PROBLEM DESCRIPTION: Repeat exactly what runs from the line with "Beg beli-belah Fendi Saiz：23*19.5*15cm" through the last line of the material, and keep the pictures out of it.

***** DATA BLOCK *****

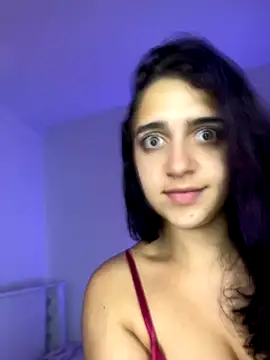 Alicia Ruiz online show from December 3, 2025, 5:55 pm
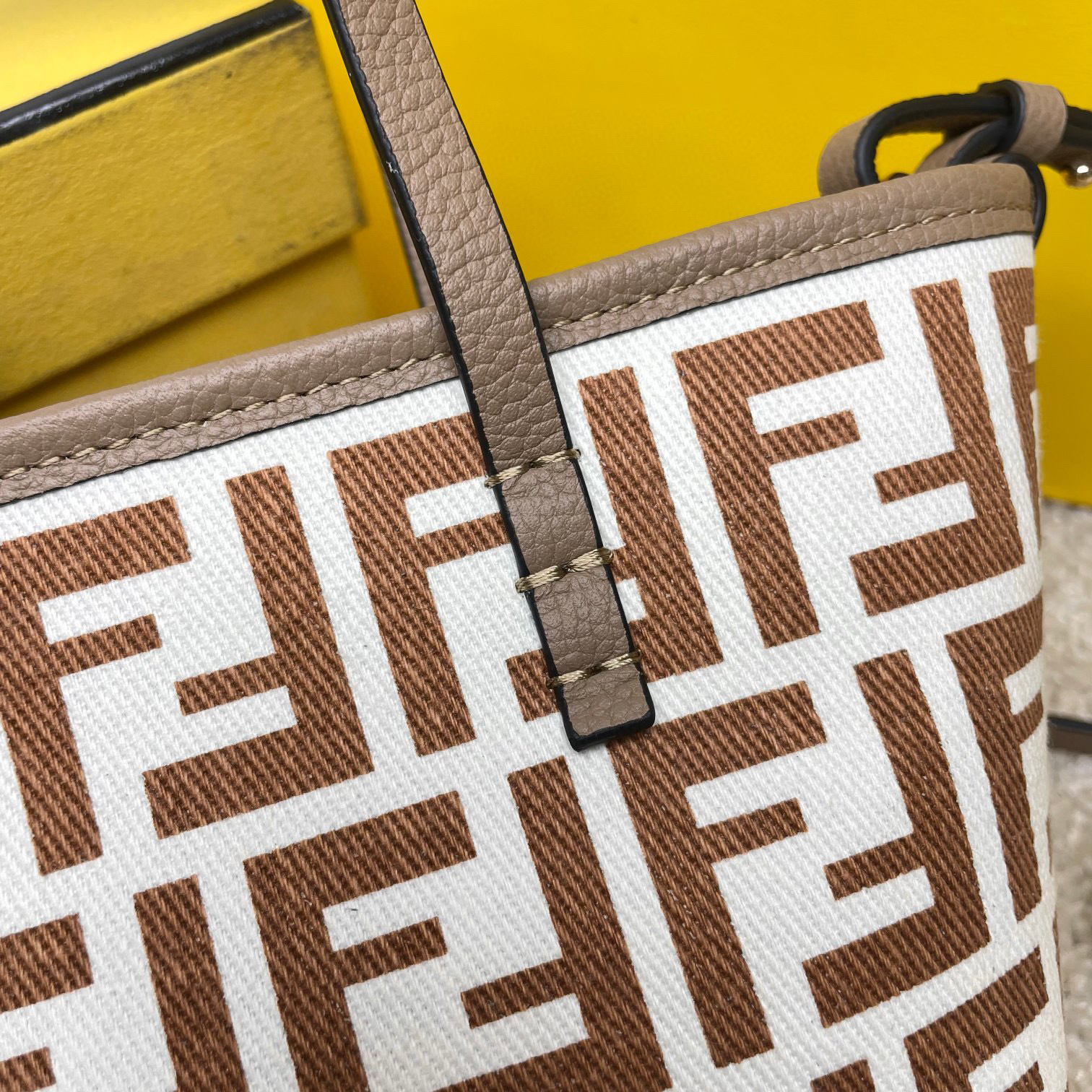 Beg beli-belah Fendi Saiz：23*19.5*15cm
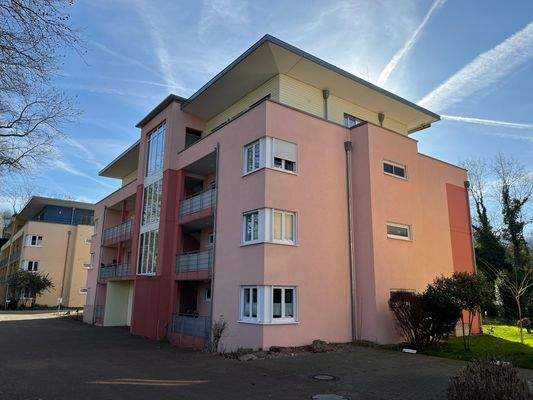 Nordwestliche Gebäudeasicht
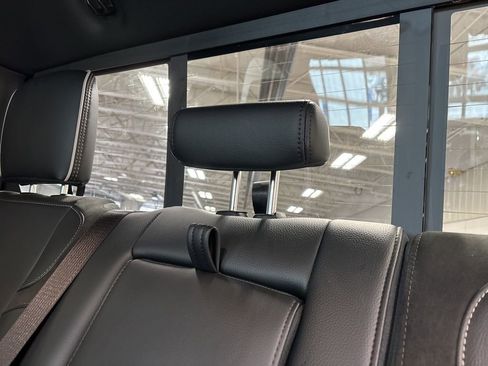 New 2026 RAM 2500 Laramie w/ Night Edition AWD/4WD image 44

*****

SOLUTION FOR THIS PROBLEM:
 Beg beli-belah Fendi Saiz：23*19.5*15cm
 Nordwestliche Gebäudeasicht
 New 2026 RAM 2500 Laramie w/ Night Edition AWD/4WD image 44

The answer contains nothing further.